→ **Exercise objective**
Without changing a single word, restate the entries below.

Caption-style text data:
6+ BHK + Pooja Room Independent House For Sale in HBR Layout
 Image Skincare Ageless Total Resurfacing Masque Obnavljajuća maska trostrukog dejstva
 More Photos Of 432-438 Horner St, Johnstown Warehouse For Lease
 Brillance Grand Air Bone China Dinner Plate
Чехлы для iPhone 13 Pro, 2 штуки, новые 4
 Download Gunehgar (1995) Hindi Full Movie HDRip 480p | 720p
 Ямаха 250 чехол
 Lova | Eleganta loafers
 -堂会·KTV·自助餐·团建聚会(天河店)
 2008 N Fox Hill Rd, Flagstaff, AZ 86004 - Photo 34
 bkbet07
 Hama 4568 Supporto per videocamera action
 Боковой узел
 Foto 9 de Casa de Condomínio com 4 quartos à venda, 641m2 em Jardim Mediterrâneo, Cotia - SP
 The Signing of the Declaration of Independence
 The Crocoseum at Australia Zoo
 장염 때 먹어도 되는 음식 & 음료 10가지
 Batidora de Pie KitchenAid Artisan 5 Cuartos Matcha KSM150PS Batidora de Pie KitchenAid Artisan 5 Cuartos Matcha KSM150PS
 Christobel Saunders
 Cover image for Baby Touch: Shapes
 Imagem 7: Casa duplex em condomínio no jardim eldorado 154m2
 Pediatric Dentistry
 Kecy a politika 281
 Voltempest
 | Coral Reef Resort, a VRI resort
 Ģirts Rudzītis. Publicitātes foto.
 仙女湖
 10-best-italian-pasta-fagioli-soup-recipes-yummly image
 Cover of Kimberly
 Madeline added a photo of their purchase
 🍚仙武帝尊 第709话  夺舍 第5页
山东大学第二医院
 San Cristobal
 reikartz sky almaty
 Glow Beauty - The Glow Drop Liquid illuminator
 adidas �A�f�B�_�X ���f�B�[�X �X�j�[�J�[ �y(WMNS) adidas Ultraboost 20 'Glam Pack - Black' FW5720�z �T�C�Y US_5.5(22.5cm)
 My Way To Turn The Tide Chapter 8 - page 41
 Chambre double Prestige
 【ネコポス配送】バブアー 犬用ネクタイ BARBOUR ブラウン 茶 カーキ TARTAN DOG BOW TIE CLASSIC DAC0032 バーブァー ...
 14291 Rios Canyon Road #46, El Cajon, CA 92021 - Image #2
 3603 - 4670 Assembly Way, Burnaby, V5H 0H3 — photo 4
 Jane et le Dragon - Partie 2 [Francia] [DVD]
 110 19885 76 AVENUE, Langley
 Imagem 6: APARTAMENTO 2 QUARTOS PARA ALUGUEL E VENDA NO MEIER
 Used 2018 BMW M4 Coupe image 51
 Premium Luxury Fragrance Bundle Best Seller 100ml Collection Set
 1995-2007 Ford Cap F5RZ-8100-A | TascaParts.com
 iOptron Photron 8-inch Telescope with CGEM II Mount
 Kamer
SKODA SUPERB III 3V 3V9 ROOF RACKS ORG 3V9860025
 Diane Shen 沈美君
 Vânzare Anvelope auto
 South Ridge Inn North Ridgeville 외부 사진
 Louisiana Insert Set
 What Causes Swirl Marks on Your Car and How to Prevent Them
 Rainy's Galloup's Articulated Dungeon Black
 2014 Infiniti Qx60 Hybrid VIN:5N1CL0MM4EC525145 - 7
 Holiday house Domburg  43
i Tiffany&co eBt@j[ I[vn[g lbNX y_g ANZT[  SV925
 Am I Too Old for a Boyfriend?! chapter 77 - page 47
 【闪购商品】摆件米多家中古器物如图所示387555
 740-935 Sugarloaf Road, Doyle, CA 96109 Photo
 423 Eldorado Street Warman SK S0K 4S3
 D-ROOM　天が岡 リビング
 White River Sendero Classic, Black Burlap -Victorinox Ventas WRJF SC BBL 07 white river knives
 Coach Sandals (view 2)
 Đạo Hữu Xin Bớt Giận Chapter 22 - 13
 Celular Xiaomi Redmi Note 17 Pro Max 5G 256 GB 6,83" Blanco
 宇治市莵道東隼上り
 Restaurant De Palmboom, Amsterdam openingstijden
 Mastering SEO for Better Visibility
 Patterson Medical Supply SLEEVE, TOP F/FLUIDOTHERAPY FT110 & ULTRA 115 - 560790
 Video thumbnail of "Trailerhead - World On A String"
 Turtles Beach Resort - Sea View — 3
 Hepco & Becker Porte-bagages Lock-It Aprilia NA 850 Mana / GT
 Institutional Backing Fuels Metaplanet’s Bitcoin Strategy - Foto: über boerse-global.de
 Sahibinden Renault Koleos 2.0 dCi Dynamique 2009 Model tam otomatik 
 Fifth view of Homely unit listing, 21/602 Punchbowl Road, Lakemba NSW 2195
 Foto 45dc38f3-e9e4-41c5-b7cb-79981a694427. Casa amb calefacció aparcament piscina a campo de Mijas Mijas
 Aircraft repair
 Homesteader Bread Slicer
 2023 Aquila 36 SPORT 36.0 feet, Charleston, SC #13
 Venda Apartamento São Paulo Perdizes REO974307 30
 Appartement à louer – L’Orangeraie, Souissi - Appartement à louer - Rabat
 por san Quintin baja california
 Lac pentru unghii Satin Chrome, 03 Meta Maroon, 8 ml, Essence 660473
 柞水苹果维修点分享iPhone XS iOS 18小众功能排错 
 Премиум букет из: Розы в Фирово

→ **Written solution**
6+ BHK + Pooja Room Independent House For Sale in HBR Layout
 Image Skincare Ageless Total Resurfacing Masque Obnavljajuća maska trostrukog dejstva
 More Photos Of 432-438 Horner St, Johnstown Warehouse For Lease
 Brillance Grand Air Bone China Dinner Plate
Чехлы для iPhone 13 Pro, 2 штуки, новые 4
 Download Gunehgar (1995) Hindi Full Movie HDRip 480p | 720p
 Ямаха 250 чехол
 Lova | Eleganta loafers
 -堂会·KTV·自助餐·团建聚会(天河店)
 2008 N Fox Hill Rd, Flagstaff, AZ 86004 - Photo 34
 bkbet07
 Hama 4568 Supporto per videocamera action
 Боковой узел
 Foto 9 de Casa de Condomínio com 4 quartos à venda, 641m2 em Jardim Mediterrâneo, Cotia - SP
 The Signing of the Declaration of Independence
 The Crocoseum at Australia Zoo
 장염 때 먹어도 되는 음식 & 음료 10가지
 Batidora de Pie KitchenAid Artisan 5 Cuartos Matcha KSM150PS Batidora de Pie KitchenAid Artisan 5 Cuartos Matcha KSM150PS
 Christobel Saunders
 Cover image for Baby Touch: Shapes
 Imagem 7: Casa duplex em condomínio no jardim eldorado 154m2
 Pediatric Dentistry
 Kecy a politika 281
 Voltempest
 | Coral Reef Resort, a VRI resort
 Ģirts Rudzītis. Publicitātes foto.
 仙女湖
 10-best-italian-pasta-fagioli-soup-recipes-yummly image
 Cover of Kimberly
 Madeline added a photo of their purchase
 🍚仙武帝尊 第709话  夺舍 第5页
山东大学第二医院
 San Cristobal
 reikartz sky almaty
 Glow Beauty - The Glow Drop Liquid illuminator
 adidas �A�f�B�_�X ���f�B�[�X �X�j�[�J�[ �y(WMNS) adidas Ultraboost 20 'Glam Pack - Black' FW5720�z �T�C�Y US_5.5(22.5cm)
 My Way To Turn The Tide Chapter 8 - page 41
 Chambre double Prestige
 【ネコポス配送】バブアー 犬用ネクタイ BARBOUR ブラウン 茶 カーキ TARTAN DOG BOW TIE CLASSIC DAC0032 バーブァー ...
 14291 Rios Canyon Road #46, El Cajon, CA 92021 - Image #2
 3603 - 4670 Assembly Way, Burnaby, V5H 0H3 — photo 4
 Jane et le Dragon - Partie 2 [Francia] [DVD]
 110 19885 76 AVENUE, Langley
 Imagem 6: APARTAMENTO 2 QUARTOS PARA ALUGUEL E VENDA NO MEIER
 Used 2018 BMW M4 Coupe image 51
 Premium Luxury Fragrance Bundle Best Seller 100ml Collection Set
 1995-2007 Ford Cap F5RZ-8100-A | TascaParts.com
 iOptron Photron 8-inch Telescope with CGEM II Mount
 Kamer
SKODA SUPERB III 3V 3V9 ROOF RACKS ORG 3V9860025
 Diane Shen 沈美君
 Vânzare Anvelope auto
 South Ridge Inn North Ridgeville 외부 사진
 Louisiana Insert Set
 What Causes Swirl Marks on Your Car and How to Prevent Them
 Rainy's Galloup's Articulated Dungeon Black
 2014 Infiniti Qx60 Hybrid VIN:5N1CL0MM4EC525145 - 7
 Holiday house Domburg  43
i Tiffany&co eBt@j[ I[vn[g lbNX y_g ANZT[  SV925
 Am I Too Old for a Boyfriend?! chapter 77 - page 47
 【闪购商品】摆件米多家中古器物如图所示387555
 740-935 Sugarloaf Road, Doyle, CA 96109 Photo
 423 Eldorado Street Warman SK S0K 4S3
 D-ROOM　天が岡 リビング
 White River Sendero Classic, Black Burlap -Victorinox Ventas WRJF SC BBL 07 white river knives
 Coach Sandals (view 2)
 Đạo Hữu Xin Bớt Giận Chapter 22 - 13
 Celular Xiaomi Redmi Note 17 Pro Max 5G 256 GB 6,83" Blanco
 宇治市莵道東隼上り
 Restaurant De Palmboom, Amsterdam openingstijden
 Mastering SEO for Better Visibility
 Patterson Medical Supply SLEEVE, TOP F/FLUIDOTHERAPY FT110 & ULTRA 115 - 560790
 Video thumbnail of "Trailerhead - World On A String"
 Turtles Beach Resort - Sea View — 3
 Hepco & Becker Porte-bagages Lock-It Aprilia NA 850 Mana / GT
 Institutional Backing Fuels Metaplanet’s Bitcoin Strategy - Foto: über boerse-global.de
 Sahibinden Renault Koleos 2.0 dCi Dynamique 2009 Model tam otomatik 
 Fifth view of Homely unit listing, 21/602 Punchbowl Road, Lakemba NSW 2195
 Foto 45dc38f3-e9e4-41c5-b7cb-79981a694427. Casa amb calefacció aparcament piscina a campo de Mijas Mijas
 Aircraft repair
 Homesteader Bread Slicer
 2023 Aquila 36 SPORT 36.0 feet, Charleston, SC #13
 Venda Apartamento São Paulo Perdizes REO974307 30
 Appartement à louer – L’Orangeraie, Souissi - Appartement à louer - Rabat
 por san Quintin baja california
 Lac pentru unghii Satin Chrome, 03 Meta Maroon, 8 ml, Essence 660473
 柞水苹果维修点分享iPhone XS iOS 18小众功能排错 
 Премиум букет из: Розы в Фирово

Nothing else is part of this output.